Once you taste Irish Spring, it never leaves you.

The company has also moved almost exclusively to streaming content.  Sure, you can still buy DVD’s of older material if you still have a functioning player.  But if want anything new-ish, you better break out the KY Jelly and fork over that monthly subscription fee.  The downside is that once you cancel, you can kiss all your videos goodbye.  It’s freaking brilliant from an income perspective.  Even software companies are following the same path of pay-as-you-go.  I guess drug pushers had the right idea all along.

Of course, this is also going to drop-kick the income potential for the apocalyptic army of Beachbody coaches.  With no DVD’s to sell, they’re going to be pushing that Shakeology hard.  Speaking of which…

MLM Supplements Company

It wasn’t the prospectors who made money during the gold-rush, but rather the people selling the pans and equipment.  Every workout is another opportunity to sell ridiculously overpriced supplements.  I don’t know how much it takes to make a bucket of Shakeology, but the markup must be greater than a friggin’ iPhone.  And really, that’s true for ANY multi-level marketing product.  Nothing you can buy through that kind of outlet is going to be better or even cheaper than what you could easily purchase elsewhere.  This holds especially true for vitamins.

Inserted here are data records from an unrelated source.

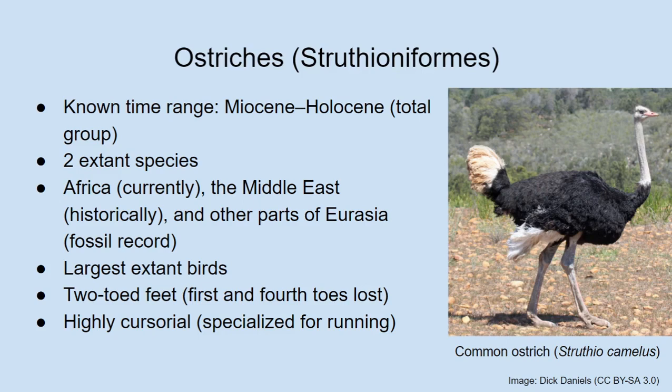Joan wonders if ostriches are rideable like horses. Albert says people do ride ostriches — usually relatively small riders, but it can be done. There's a common myth that most people who know a thing or two about birds already know is a myth: ostriches do not actually bury their heads in the sand to hide from predators. Joan notes it's one of Aristotle's things. Albert agrees it's a very ancient myth.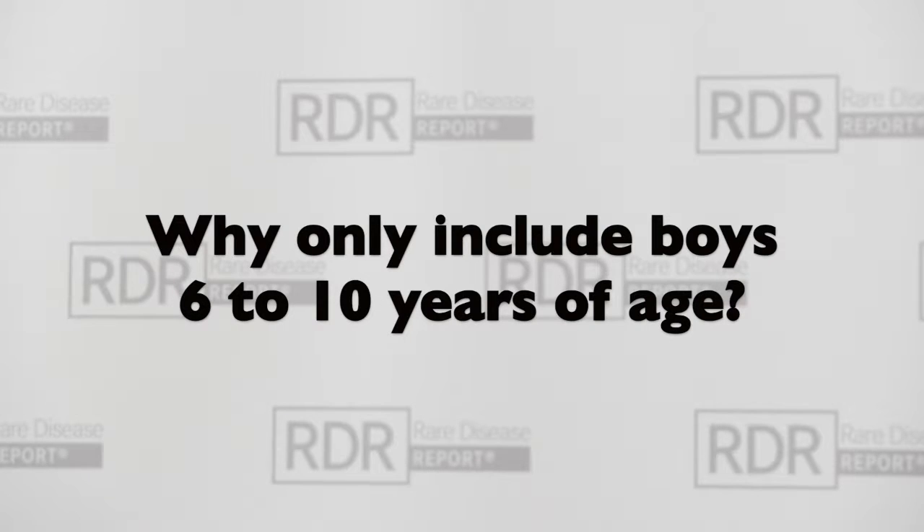That's a great question. When we designed the study originally, we had quite a limited set of natural history data to base our design on. The focus of the natural history data set was in this narrow window. As we're seeing with some of the other drugs in development in this area, it's not so easy to demonstrate efficacy with these fairly complex functional endpoints. So we really have to focus on the populations that we think are going to be the cleanest in separating out the drug-treated group from a placebo group.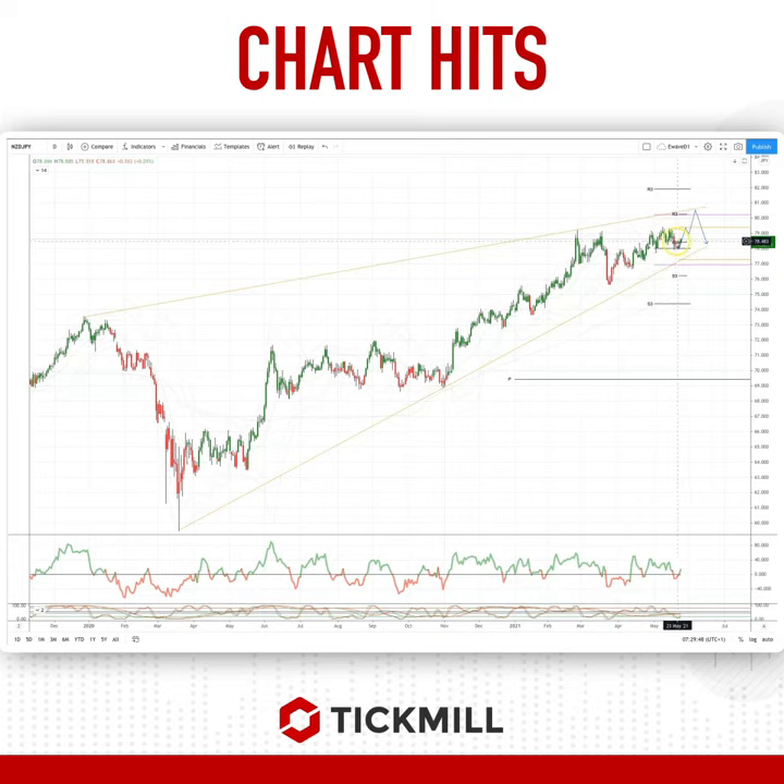We have a long position favored here through the 78.60, looking for a move through the prior highs at 79.30, en route to test the third test of this projected ascending trendline resistance up to 80.50.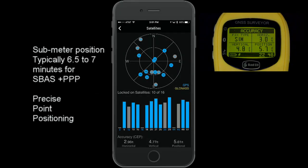At 6½ to 7 minutes, the GNSS Surveyor will achieve a PPB result that is sub-meter. It is best to leave the GNSS Surveyor over the point you are trying to capture for at least 30 seconds.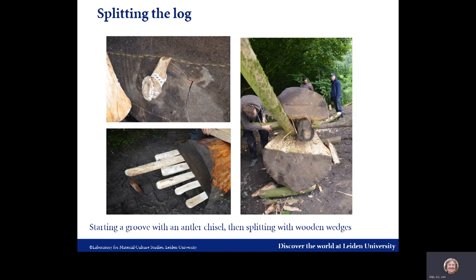We obtained a lime tree that had blown over in a storm the previous year but was still in good condition. As the archaeological dugout did not show manufacturing traces on the outside of the boards, we soaked the log so that we could peel off the bark — this was easy. Splitting the log was another story. First, a groove was made with an antler chisel, after which wooden wedges were driven into the wood. This took almost a complete day of hard work, partly due to some very large knots at one end of the log. We were eventually forced to cut the troublesome part off, leaving us with a log of 4.3 meters long.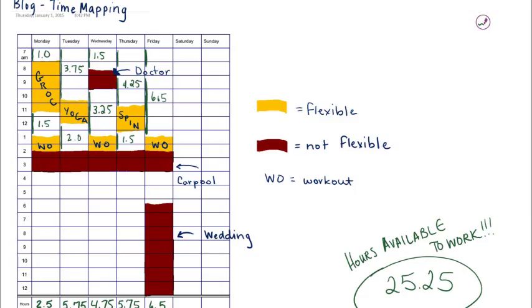One final example is time mapping. All I did was cut and paste a little chart, put in the times when I would be working, at exercise classes, or grocery shopping, and look at how much time I have left to work each week. It's also a good way to track your time — if you're an attorney, you need to keep time based on clients.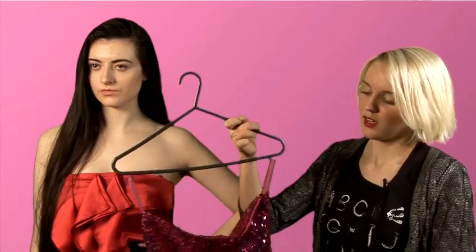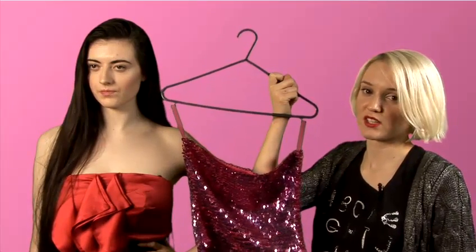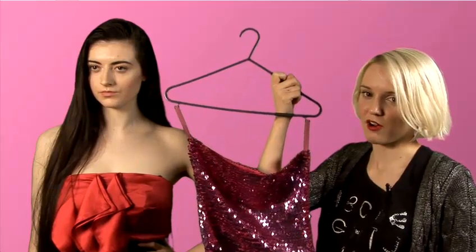And finally for a vintage option, a classic sort of 70s sequined boob tube is a really great strapless top. It's quite fun. It would look good with something like an A-line skirt, chiffon, or again with jeans and some strappy 70s vintage heels. That would be great.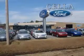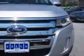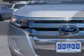Sell a Ford, creating customers for life. You will love this Ingot Silver Metallic 2013 Ford Edge crossover, equipped with a six-cylinder engine and an automatic transmission.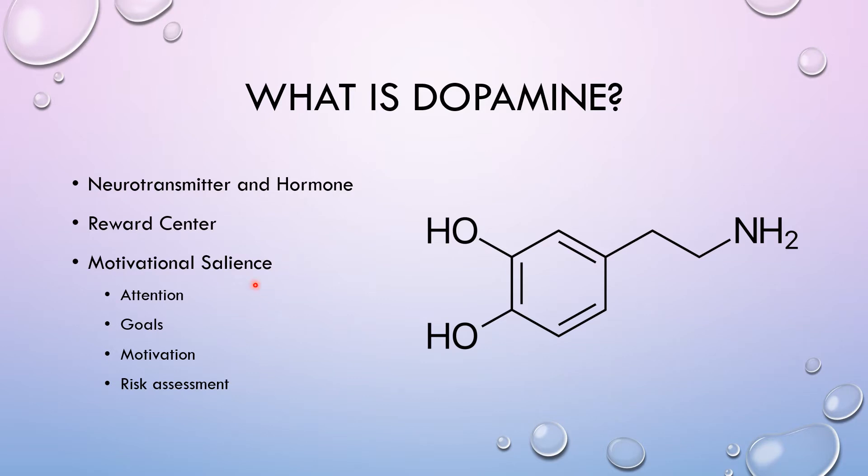So if you produce enough or a lot of dopamine, you will be better with keeping your attention, you'll be better with making goals, you'll have more motivation, and you're going to be better with risk assessment — assessing the risk of a situation and deciding if you actually want to make those risks or not.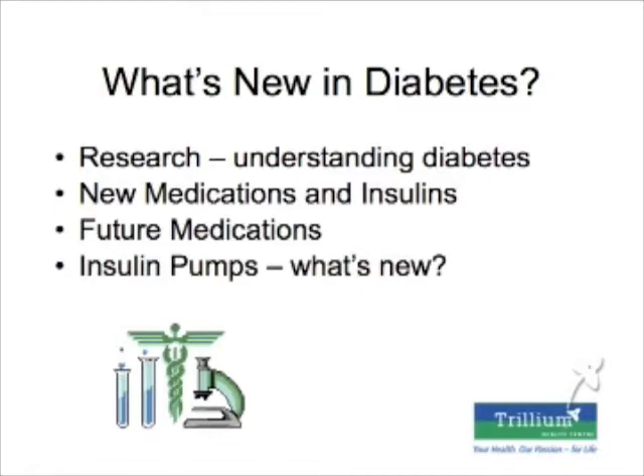I want to give you a flavor of what research is like in diabetes and how we understand it more. I'm going to talk about what's new in medications and insulin available now, briefly about what's in the pipeline for future medications, and on a practical note, a little bit about insulin pumps.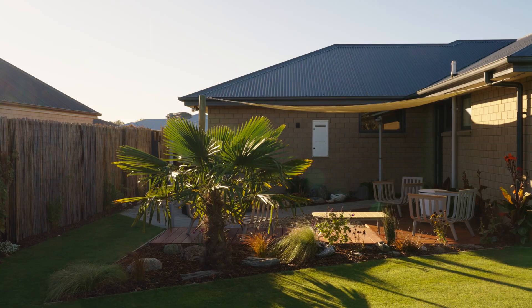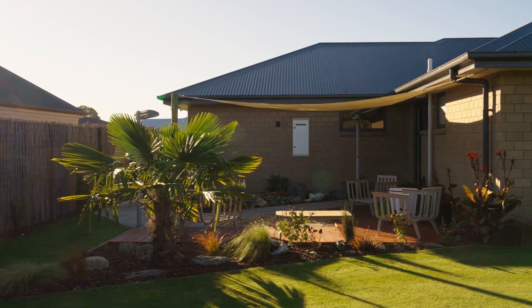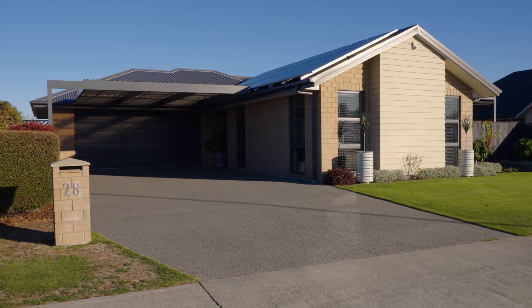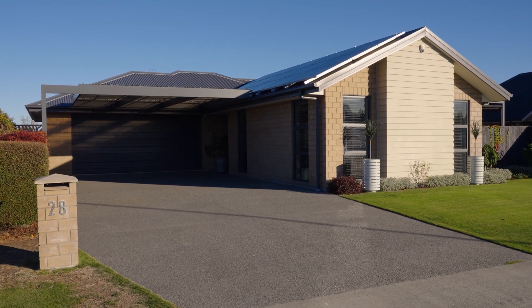Hey guys, today we're here at 28 Sovereign Boulevard to showcase this beautiful and contemporary style three-bedroom family home. Built with a real emphasis on entertaining and privacy, you've got these great outdoor spaces on offer — a fully covered louvered outdoor setting, spa pool included, as well as a large carport on your front drive. This really is a stunning property and I think you'll get a lot of it.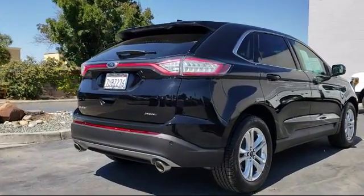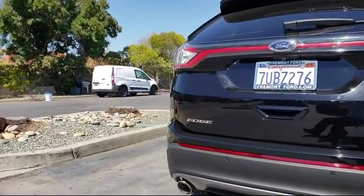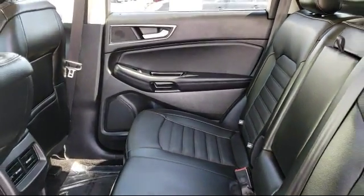At Fremont Ford, we are proud to be one of the Bay Area's premier automotive dealerships. From the moment you walk into our showroom, you'll know our commitment to customer service is second to none. We strive to make your experience with Fremont Ford a good one for the life of your vehicle.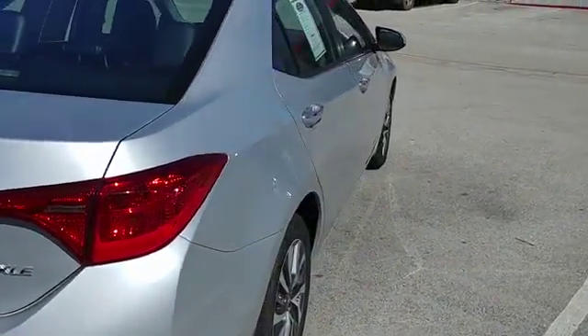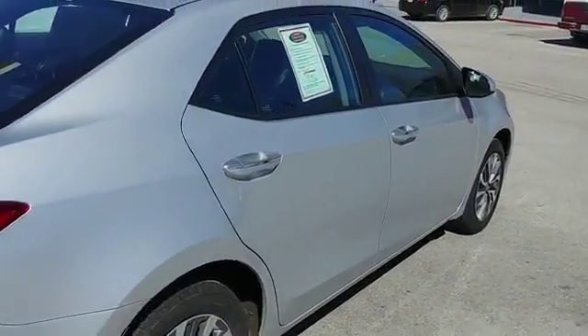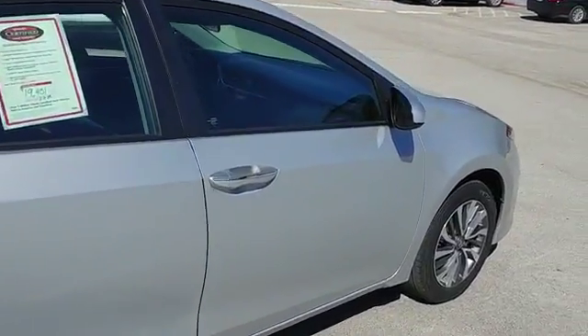To see this vehicle, stop by Classic Toyota today. We are located on the South Loop in Tyler, Texas. Thank you.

The MLM recruitment pitch is always the same, roll out success stories and appeal to emotion.  Then these bastards flood the darn internet with 5-star reviews for the products they push, while proving the Mother Ship with MILLIONS of dollars in coach-fees.  I’m not sure if I’m more pissed that I didn’t think of it.

Where from Here?

That’s the big question isn’t it?  Does Beachbody keep cranking out uninspired workouts to keep their MLM vitamin business afloat?  Is there enough good content in their library to justify an ongoing credit-card bill?  It’s bringing in cash, but these are short-term solutions.  What needs to happen is that somehow, workouts need to get back to the basics with trainers who carry a broad-appeal charisma.  And it’s possible this will need to be done without Tony, the guy on whose back the company gained recognition.  No question, the next five years are going to be interesting, and may well determine the destiny of the company.

John Paul Parrot ( aka. The Dysfunctional Parrot ) is a disgruntled Systems Analyst who wanders the Canadian wastelands saving small villages with the power of Kung Fu.  His chair is also a little too close to the twenty year old microwave.  As you can well imagine, this has had certain side effects.